[PROBLEM TO SOLVE] Precisely the lines from the one with "Copycat Olive Garden" through the end of the data, both included, must make up the response, each restated word for word.

[RECORDS TO PROCESS]
────────────────

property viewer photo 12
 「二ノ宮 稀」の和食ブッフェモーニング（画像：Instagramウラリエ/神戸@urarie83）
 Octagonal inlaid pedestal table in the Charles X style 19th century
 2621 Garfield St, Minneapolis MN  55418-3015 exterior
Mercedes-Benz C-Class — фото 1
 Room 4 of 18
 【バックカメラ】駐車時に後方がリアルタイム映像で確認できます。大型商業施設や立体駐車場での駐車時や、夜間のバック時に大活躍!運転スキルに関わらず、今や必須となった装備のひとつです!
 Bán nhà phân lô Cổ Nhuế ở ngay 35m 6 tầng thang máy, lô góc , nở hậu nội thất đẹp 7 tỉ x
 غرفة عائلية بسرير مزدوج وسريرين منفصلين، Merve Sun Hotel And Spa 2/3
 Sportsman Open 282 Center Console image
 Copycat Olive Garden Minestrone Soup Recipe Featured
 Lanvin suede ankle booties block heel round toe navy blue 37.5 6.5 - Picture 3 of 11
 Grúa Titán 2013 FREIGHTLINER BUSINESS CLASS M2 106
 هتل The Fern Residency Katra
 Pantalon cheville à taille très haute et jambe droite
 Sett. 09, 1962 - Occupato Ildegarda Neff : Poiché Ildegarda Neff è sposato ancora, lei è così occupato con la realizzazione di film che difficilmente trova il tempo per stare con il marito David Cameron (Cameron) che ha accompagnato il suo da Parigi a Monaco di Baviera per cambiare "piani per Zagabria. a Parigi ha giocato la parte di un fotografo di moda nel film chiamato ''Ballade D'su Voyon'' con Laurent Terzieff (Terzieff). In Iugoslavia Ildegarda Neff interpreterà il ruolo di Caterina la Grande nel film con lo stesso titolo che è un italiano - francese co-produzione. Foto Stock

────────────────

[RESPONSE AREA]
 Copycat Olive Garden Minestrone Soup Recipe Featured
 Lanvin suede ankle booties block heel round toe navy blue 37.5 6.5 - Picture 3 of 11
 Grúa Titán 2013 FREIGHTLINER BUSINESS CLASS M2 106
 هتل The Fern Residency Katra
 Pantalon cheville à taille très haute et jambe droite
 Sett. 09, 1962 - Occupato Ildegarda Neff : Poiché Ildegarda Neff è sposato ancora, lei è così occupato con la realizzazione di film che difficilmente trova il tempo per stare con il marito David Cameron (Cameron) che ha accompagnato il suo da Parigi a Monaco di Baviera per cambiare "piani per Zagabria. a Parigi ha giocato la parte di un fotografo di moda nel film chiamato ''Ballade D'su Voyon'' con Laurent Terzieff (Terzieff). In Iugoslavia Ildegarda Neff interpreterà il ruolo di Caterina la Grande nel film con lo stesso titolo che è un italiano - francese co-produzione. Foto Stock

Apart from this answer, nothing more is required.